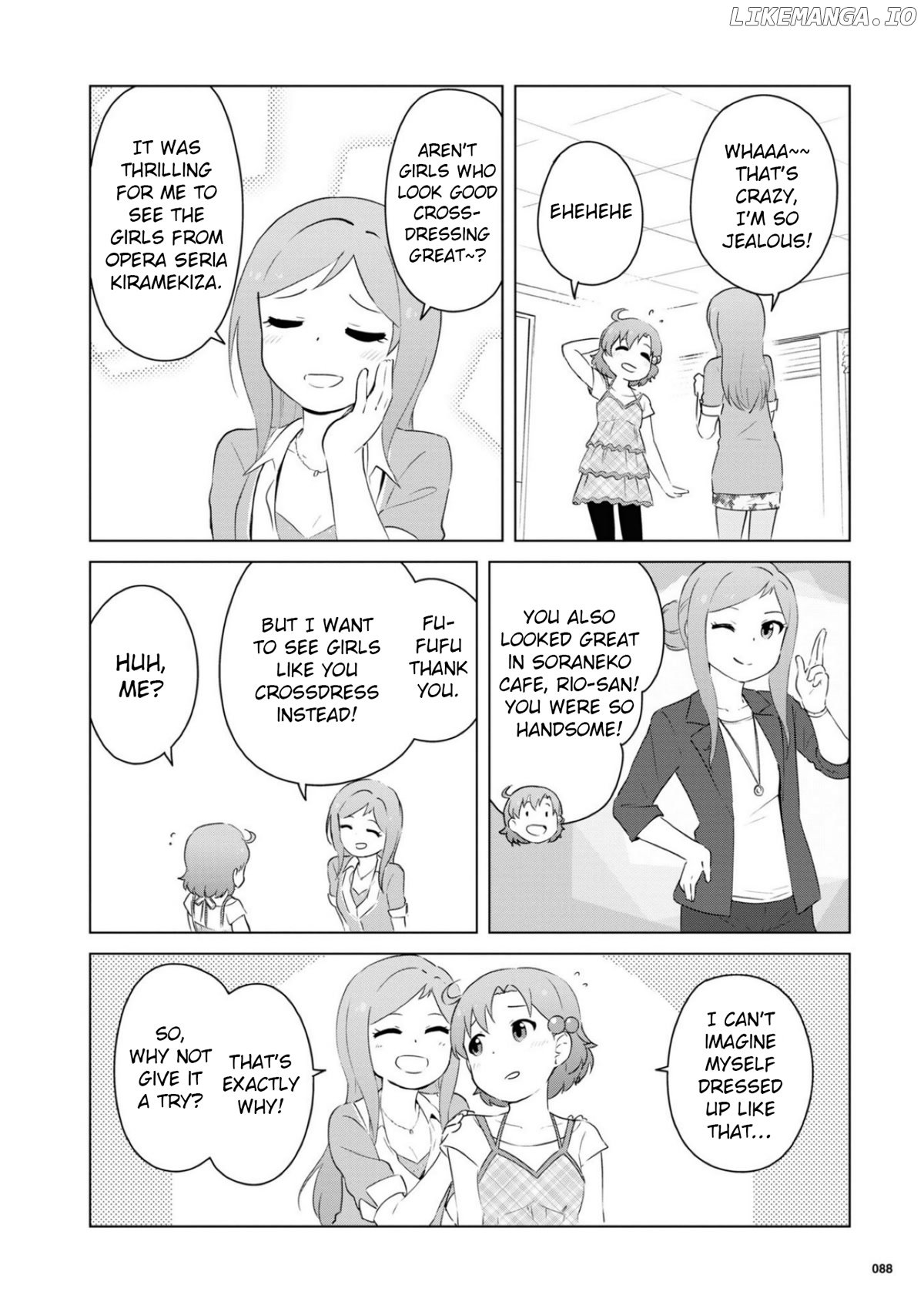 THE iDOLM@STER Million Live! Theater Days - LIVELY FLOWERS chapter 14 - page 16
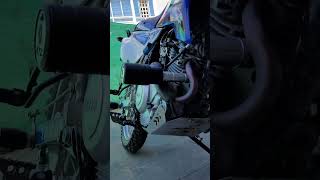 Slider defensa para moto yamaha xtz 125 modelo 2024 a 2016 [upl. by Heymann]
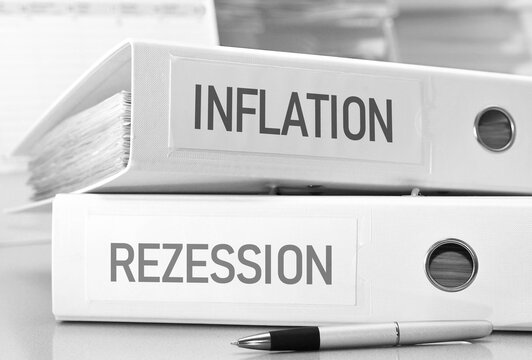 Inflation und Rezession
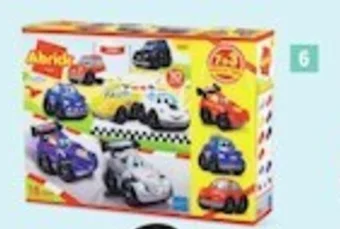 E.Leclerc 6.COFFRET 10 VÉHICULES FAST CAR offre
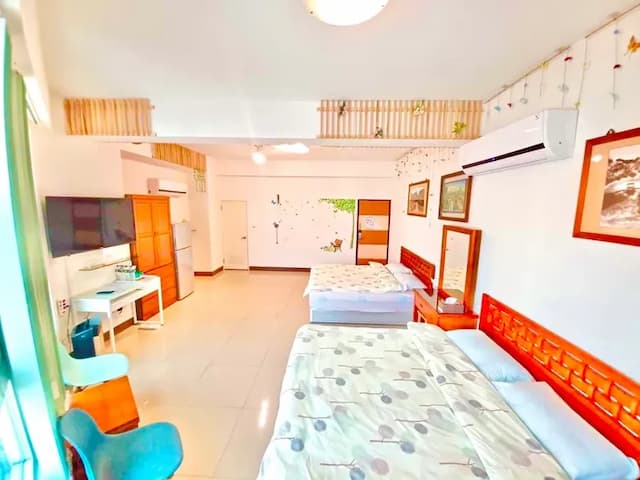 屏東潮州樂活藝術家民宿-18人包棟-2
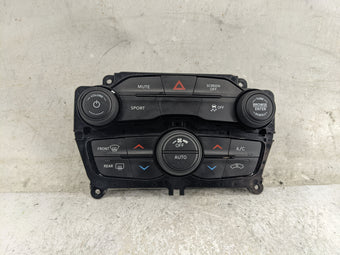 compare product 2019 Dodge Challenger Climate Control Module Temperature AC/Heater Replacement P/N:P68293606AE 68293606AE, 6TD481X8AA Fits OEM Used Auto Parts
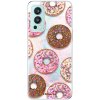 Odolné silikónové puzdro iSaprio - Donuts 11 - OnePlus Nord 2 5G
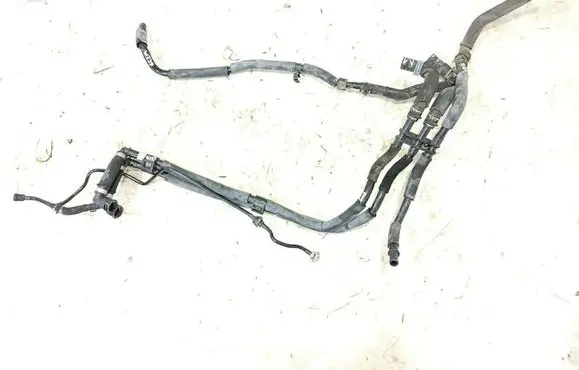 Audi e-tron Engine coolant pipe/hose 4KE819928G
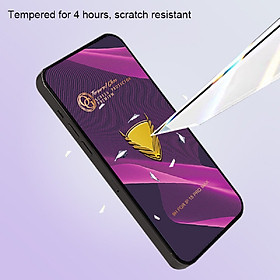 Dán kính cường lực cho SamSung Galaxy S24Plus tràn màn hình vát cạnh hiệu OG - Hàng nhập khẩu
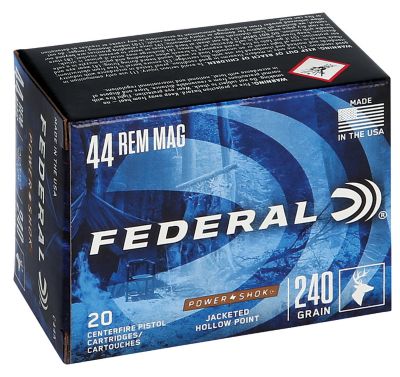 Image showing  44 Rem Mag 240GR Power-Shok JHP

————

### YOUR GOAL
Omit the pictures, then quote the rest of the material above exactly.

### WRITTEN SOLUTION
 THE iDOLM@STER Million Live! Theater Days - LIVELY FLOWERS chapter 14 - page 16
 Slider defensa para moto yamaha xtz 125 modelo 2024 a 2016 [upl. by Heymann]
 Inflation und Rezession
 E.Leclerc 6.COFFRET 10 VÉHICULES FAST CAR offre
 屏東潮州樂活藝術家民宿-18人包棟-2
 compare product 2019 Dodge Challenger Climate Control Module Temperature AC/Heater Replacement P/N:P68293606AE 68293606AE, 6TD481X8AA Fits OEM Used Auto Parts
 Odolné silikónové puzdro iSaprio - Donuts 11 - OnePlus Nord 2 5G
 Audi e-tron Engine coolant pipe/hose 4KE819928G
 Dán kính cường lực cho SamSung Galaxy S24Plus tràn màn hình vát cạnh hiệu OG - Hàng nhập khẩu
 Image showing  44 Rem Mag 240GR Power-Shok JHP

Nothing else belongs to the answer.